─── Task data
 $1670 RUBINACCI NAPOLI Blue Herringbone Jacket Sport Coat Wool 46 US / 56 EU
──────
─── Task data
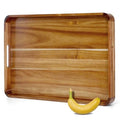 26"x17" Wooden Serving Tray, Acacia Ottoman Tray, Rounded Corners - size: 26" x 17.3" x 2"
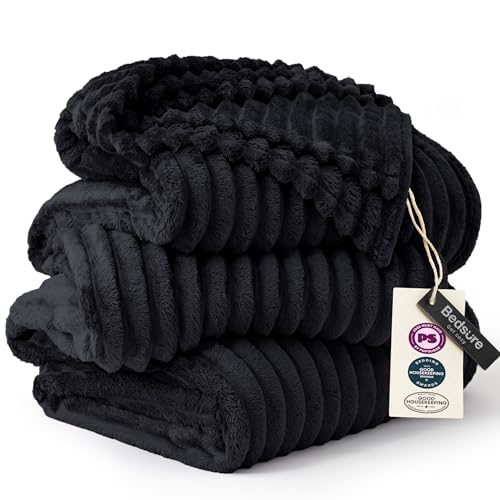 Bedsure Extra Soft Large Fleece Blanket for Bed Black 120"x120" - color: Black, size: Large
──────
*Exercise details:* Look above for the line with "Serving Tray, Acacia", then give again exactly every line from there through the line with "Bedsure Extra Soft", skipping the pictures.

*Answer space:*
 26"x17" Wooden Serving Tray, Acacia Ottoman Tray, Rounded Corners - size: 26" x 17.3" x 2"
 Bedsure Extra Soft Large Fleece Blanket for Bed Black 120"x120" - color: Black, size: Large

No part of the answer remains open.